Une participation qui divise. Mais ce signe d'apaisement n'a pas fait l'unanimité. Au contraire, il a même suscité un fort scepticisme, en Corée comme aux Etats-Unis, fervents alliés de Séoul. Les opposants sud-coréens au gouvernement l'accusent d'avoir fait trop de concessions au Nord et ce faisant, d'avoir privé certains de ses propres athlètes du rêve olympique. À Washington, la nouvelle de la participation de la Corée du Nord aux Jeux olympiques a fait grincer des dents. Le (très en vue) sénateur républicain de Caroline du Sud, Lindsey Graham, s'est même montré menaçant en tweetant le 1er janvier : "Autoriser la Corée du Nord de Kim Jong-un à participer aux Jeux d'hiver reviendrait à légitimer le régime le moins légitime de la planète. Je suis confiant dans la décision de la Corée du Sud de rejeter cette offre absurde, et j'ai l’intime conviction que si la Corée du Nord se rend au Jeux, nous n'irons pas".

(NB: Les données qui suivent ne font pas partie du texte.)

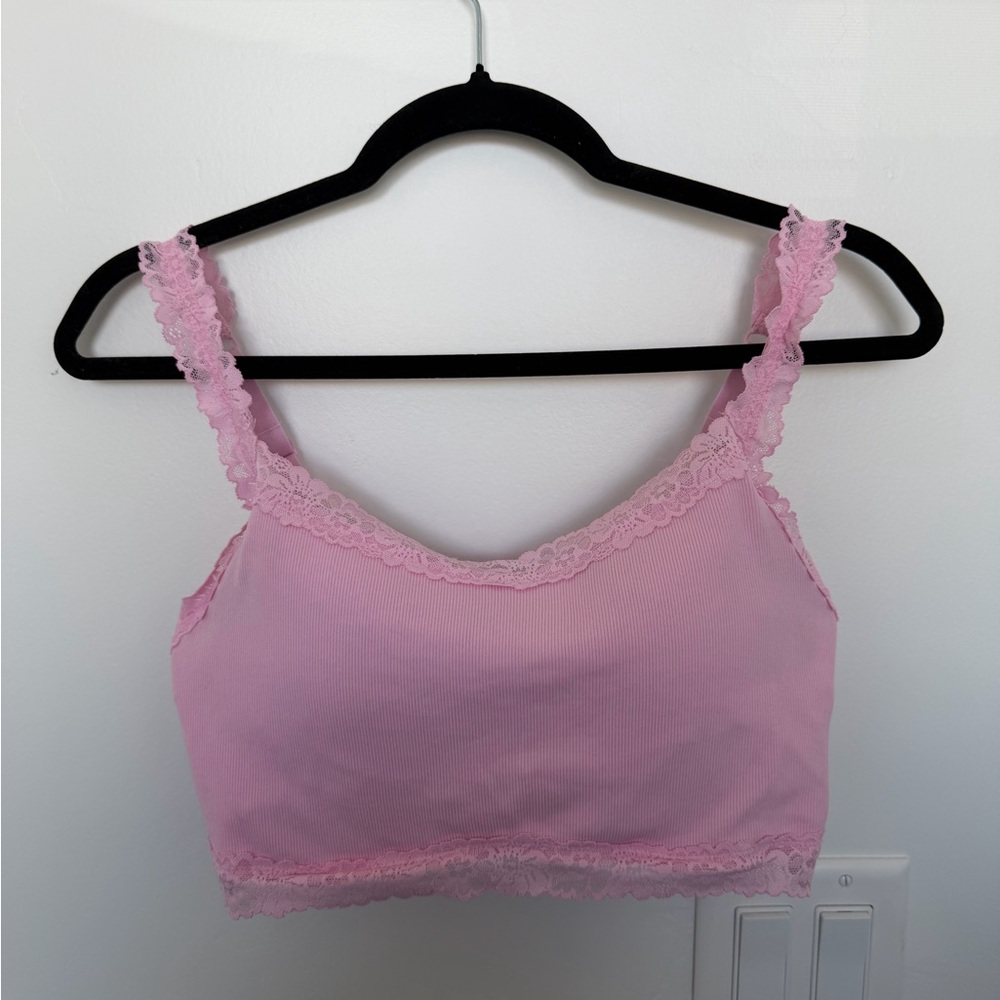 PINK Pink Lace Trim Camisole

Finalement, Donald Trump lui-même a mis son habituelle virulence dans sa poche pour faire savoir qu'il croyait toujours à la reprise d'un dialogue constructif avec le leader nord-coréen. Début janvier, le président américain affirmait même : "Je veux vraiment que cela marche entre les deux pays, j'aimerais les voir participer aux Jeux olympiques et les choses pourraient peut-être continuer à partir de là." Faut-il y voir la naissance d'un nouvel espoir ?
Un précédent en demi-teinte. En 1988, lors des Jeux de Séoul, la Corée du Nord avait boycotté la compétition, après avoir réclamé en vain une organisation conjointe avec la Corée du Sud. Les discussions entre les deux pays avaient repris, et lors des quatre Jeux olympiques d'été suivants (Sydney en 2000, Salt Lake City en 2002, Atlanta en 2004 et Turin en 2006), les athlètes nord et sud-coréens avaient défilé ensemble lors de la cérémonie d'ouverture, vêtus de la même tenue. Un symbole fort… mais qui n'avait pas été reconduit pour les Jeux de Pékin en 2008. La diplomatie par le sport ne peut pas tout.
Quid de la Russie ?
Une chose est sûre : le 9 février, le drapeau blanc orné de l'effigie bleu pâle de la péninsule coréenne flottera donc à Pyeongchang. On ne peut pas en dire autant du drapeau russe, qui sera absent pour la première fois de l'histoire, englué dans un scandale de dopage sans précédent, même si l'annulation totale par le TAS des sanctions à l'encontre de 28 sportifs russes a bousculé la donne, jeudi. "En théorie, certains des 28 sportifs dont la suspension à vie a été levée peuvent prétendre à une participation aux JO de Pyeongchang. Leur participation devra au préalable être soumise à un panel du CIO", a en effet précisé un porte-parole du TAS. Et même si le CIO s'est montré inflexible sur le fait que ces sportifs n'iraient pas en Corée du Sud, la semaine à venir peut désormais offrir bien des surprises.